Emiliano De Cristofaro: Genome data can never be fully anonymised

Security issues that are specific to genome data need to be considered

Recently Sally Davies, England’s Chief Medical Officer, called for the NHS to deliver her “genomic dream” within five years, and make whole genome sequencing “as standard as blood tests and biopsies.” A large number of patients in the UK already undergo genetic testing at least once in their life, and for a wide range of reasons—for example, screening for cancer predisposition due to high family incidence, or determining the best course of action in cancer treatment.

Whole genome sequencing (WGS) is used to determine an organism’s complete DNA sequence. But it is not the only way to analyze our DNA. In fact, genetic testing has been used in clinical settings for decades, e.g. to diagnose patients with known genetic conditions. However, the cost of WGS is dropping fast and the availability of affordable whole genome sequencing not only prompts new hopes toward the discovery and diagnosis of rare/unknown genetic conditions, but also enables researchers to better understand the relationship between the genome and predisposition to diseases, and responses to treatment.

Overall, progress makes it increasingly likely that in the not-so-distant future individuals will undergo sequencing once and make their digitized genome easily available for doctors, clinicians, and third-parties. This would also allow us to use computational algorithms to analyze the genome as a whole, as opposed to expensive, slower, targeted in-vitro tests. There are a number of important caveats that need to be considered.

Firstly there are security concerns prompted by the need to store sensitive data like genome data. The genome contains information about ethnic heritage and predisposition to certain diseases and conditions. Data breaches of sensitive information, including health and medical data, sadly happen on a daily basis. But certain security issues are specific to genome data and are much more worrying. For instance, due to its hereditary nature, access to a genome essentially implies access to the genome data of close relatives as well, including offspring. One’s decision to publish genome data is also being made for one’s siblings, children, grandchildren and so on. So sensitivity does not degrade over time, but persists long after a patient’s death. In fact, it might even increase, as new aspects of the genome are studied and discovered. As a consequence, Sally Davies’ dream could easily turn into a nightmare without adequate investment in sound security measures, that involve both technical tools (such as upgrading of obsolete hardware) as well as education, awareness, and practices that do not simply shift the burden onto clinicians and practitioners, but incorporate security in their design.

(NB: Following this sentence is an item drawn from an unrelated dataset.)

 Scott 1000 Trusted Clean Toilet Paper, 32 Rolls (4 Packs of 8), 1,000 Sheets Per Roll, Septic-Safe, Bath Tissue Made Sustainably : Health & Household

Secondly there are concerns with allowing researchers to use the genome data collected by the NHS, along with medical history, for research purposes—e.g. to discover genetic mutations that are responsible for certain traits or diseases. This requires building a meaningful trust relationship between the NHS, government and patients, which cannot happen without healing the wounds from recent incidents like the care.data debacle or Google DeepMind’s use of personal NHS records. Instead, the annual report seems to include promises around security and anonymity that we cannot realistically maintain, while, worse yet, promoting a rhetoric of greater good trumping privacy concerns, as well as seemingly pushing a choice between donating data and access to the best care. It is misleading to use terms like “de-identification” of genome data as an effective protection tool. Proper anonymization is inherently impossible due to the combination of unique and hereditary features of a genome. Rather, we should make it clear that data can never be fully anonymized, or protected with 100% guarantees.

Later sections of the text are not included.